1996年底,《宋明新儒学略论》刚刚脱稿,就被哲学系委派筹组宗教学硕士点,并随即开始招收研究生。诚然,中山大学老一辈学者,如已故的陈寅恪教授,在世的蔡鸿生教授、姜伯勤教授,他们对佛教、道教的历史与文献的研究,都甚有成就,而宗教学作为哲学的一个学科,在哲学系其研究力量却显得力量单薄。所以,当时面临的紧迫任务,其一是招揽人才,其二是开出课程。

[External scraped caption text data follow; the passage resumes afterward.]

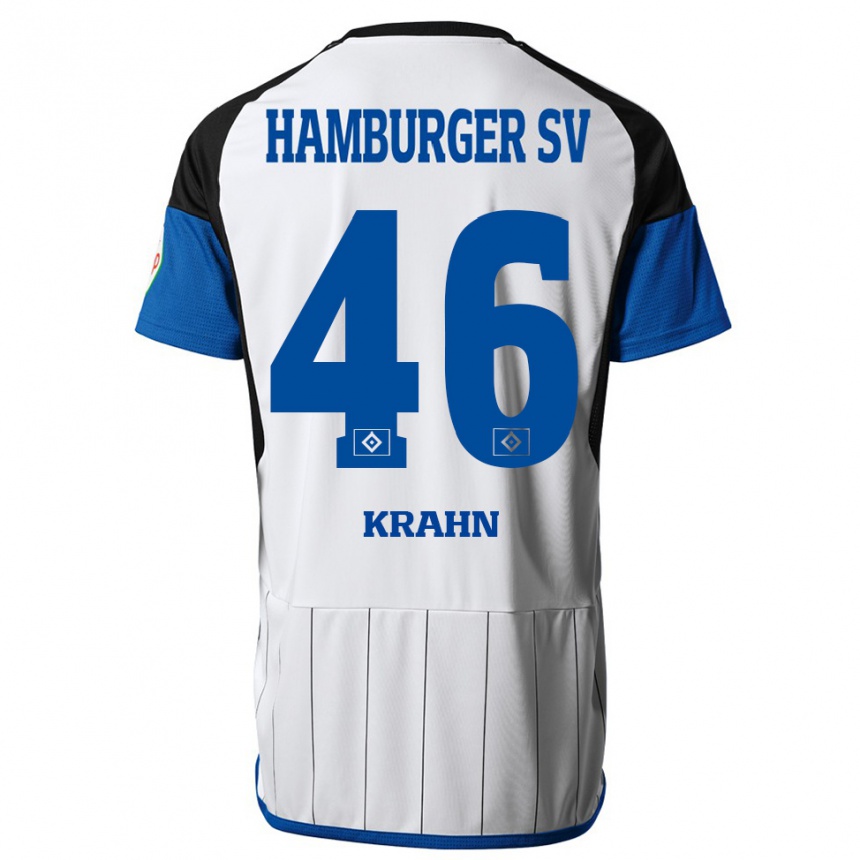 Vyrai Elijah Krahn #46 Baltas Namų Marškinėliai 2023/24 T-Shirt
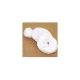 100% Spun Polyester Sewing Thread Yarn in Raw White -- On Hank, SL-RW (On Hank)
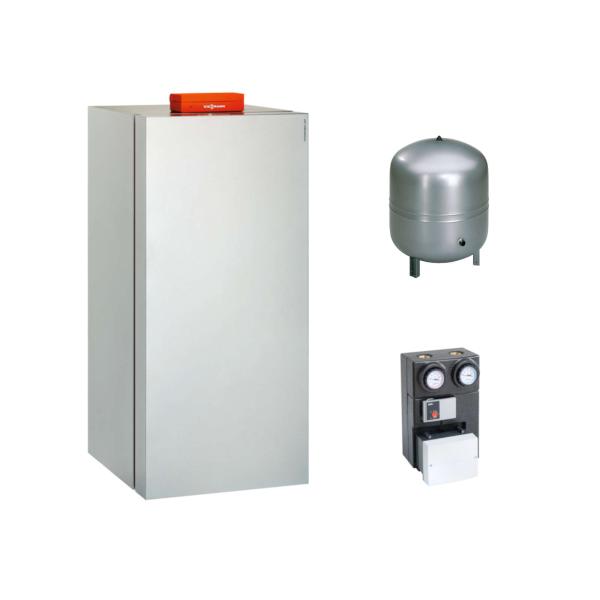 Viessmann Paket Vitocrossal 300 CU3A 13 kW Gas-Brennwertkessel inklusive Mischer und Ausdehnungsgefäß 35L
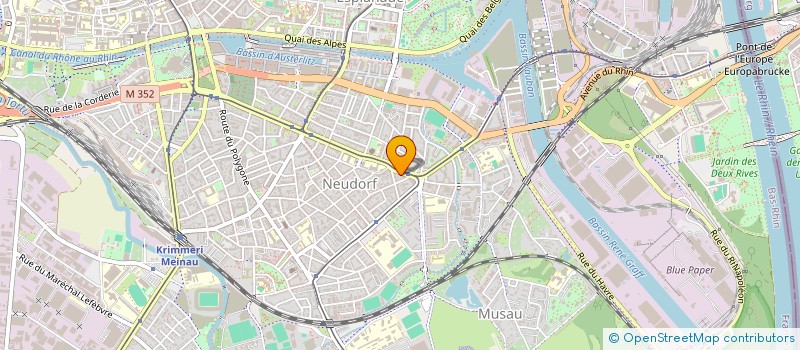 localisation de l'entreprise COPROP LE MONACO 86 J JAURES  STRASBOURG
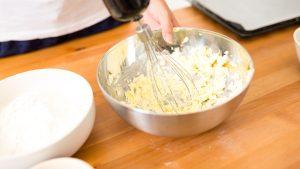 Mixing the Butter in Bowl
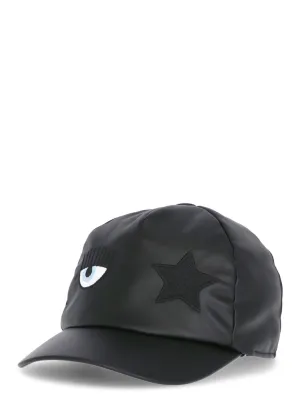 Chiara Ferragni Kids Eye Star Embroidered Cap
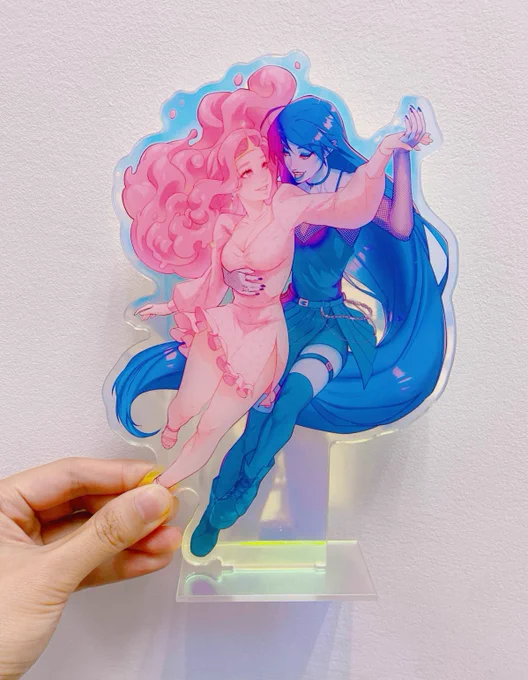 Pictures from my supplier of the standees I will be bringing to Dokomi!  They shine so much  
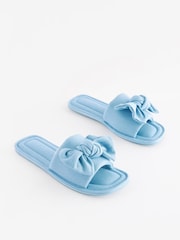 Blue Bow Mule Slippers - Image 3 of 7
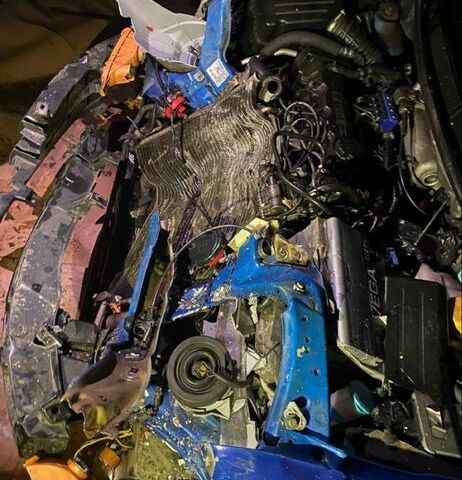 Синий Шевроле Авео, объемом двигателя 1.5 л и пробегом 170 тыс. км за 1200 $, фото 14 на Automoto.ua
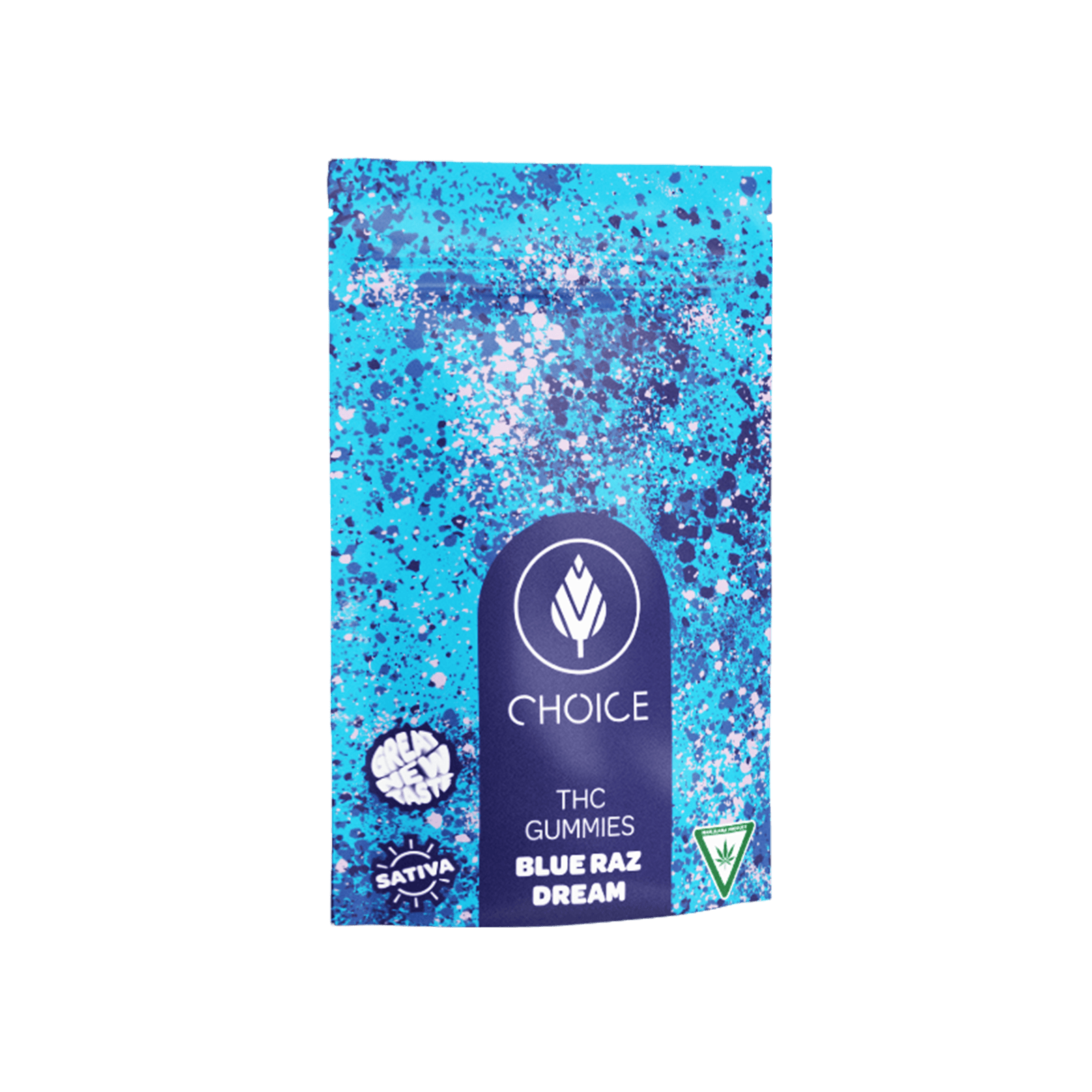 Blue razz dream gummies sativa 100mg thc 10 pack | Skymint Flint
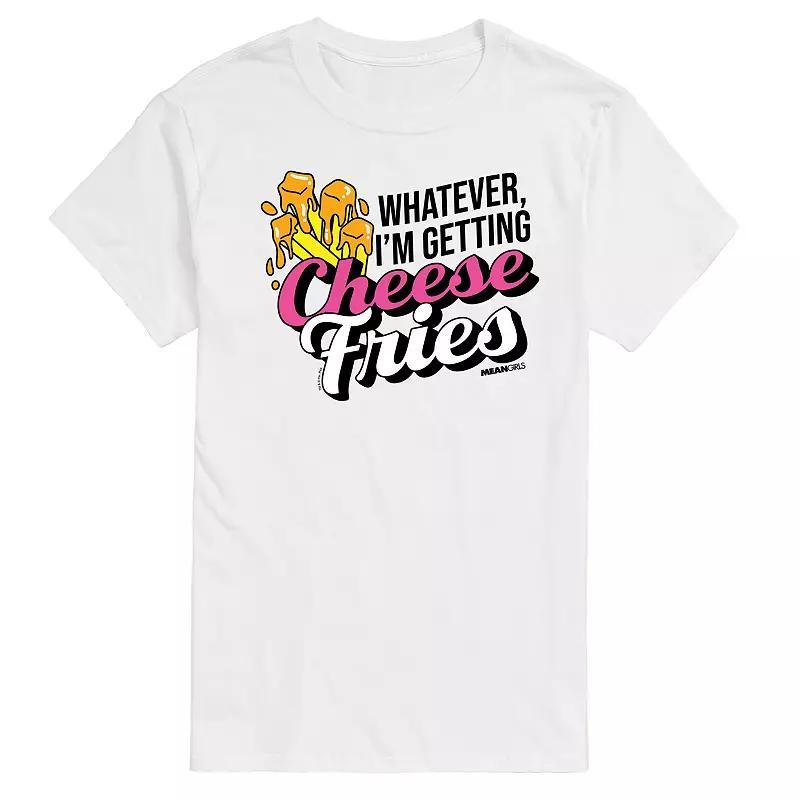 Mens Mean Girls Cheese Fries Graphic Tee Ivory Product Image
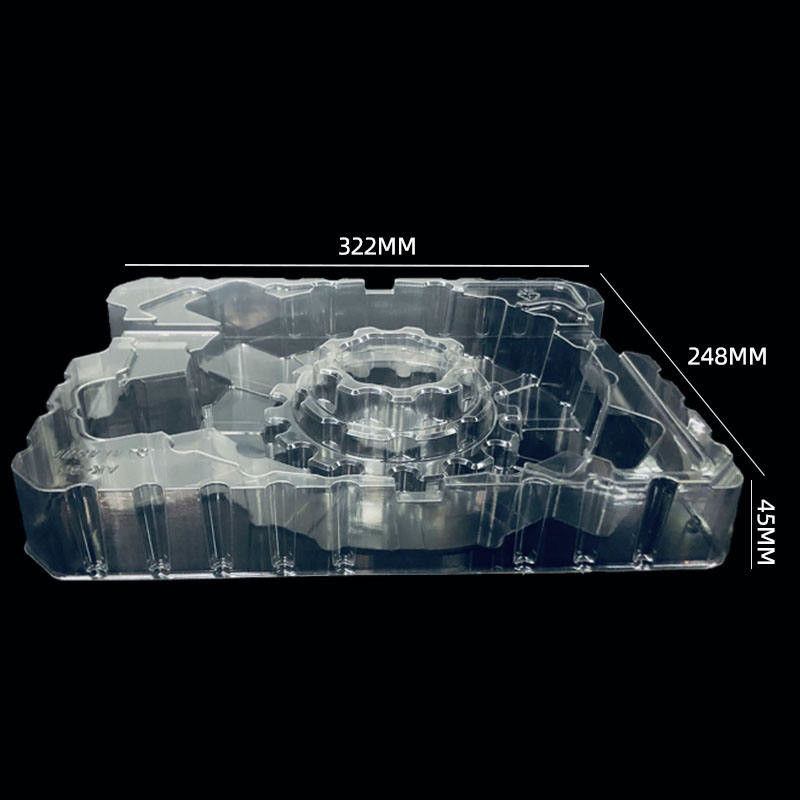 Customizable Transparent PET Blister Tray Packaging for Bearings and Hardware Components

在招揽人才方面,在校内得陈立胜、李兰芬、冯焕珍、李桦和刘昭瑞诸君的加入,在校外海外,得刘小枫、张宪、张贤勇、龚隽诸学人的陆续到来,这个学科点创建五年已具规模。这当中还需衷心感谢香港道教学院、香港基督教文化学会、香港汉语基督教文化研究所、香港中国神学研究院、香港信义神学院,和台湾中华佛学研究所、台湾中华儒道研究协会、台湾佛陀教育基金会等等机构与团体的支持。在他们的支持下,学科点建立了自己的图书资料库,设立了专题讲座,还先后办有教授梵文、巴利文、希腊文、希伯来文、拉丁文等多种古典语文的学习班。2000年该学科点组建为中山大学比较宗教研究所。2004年又升格为博士点。学科点成立以来,已先后培养出数十名获得博士或硕士学位的青年学子。
在课程开设方面,学科点建立的最初几年,实际上是十分困难的。1997年第一届招来的,是专攻佛学的硕士生,为给他们开课,不得不重新捡起当年舍弃的佛学,也兼及一点道教。所以,那两、三年几乎写不成文章。幸好在佛学方面后来有冯焕珍、龚隽二君接手,在道教方面有李大华、刘昭瑞、王承文、万毅诸君支持,才日渐获得解救。(www.daowen.com)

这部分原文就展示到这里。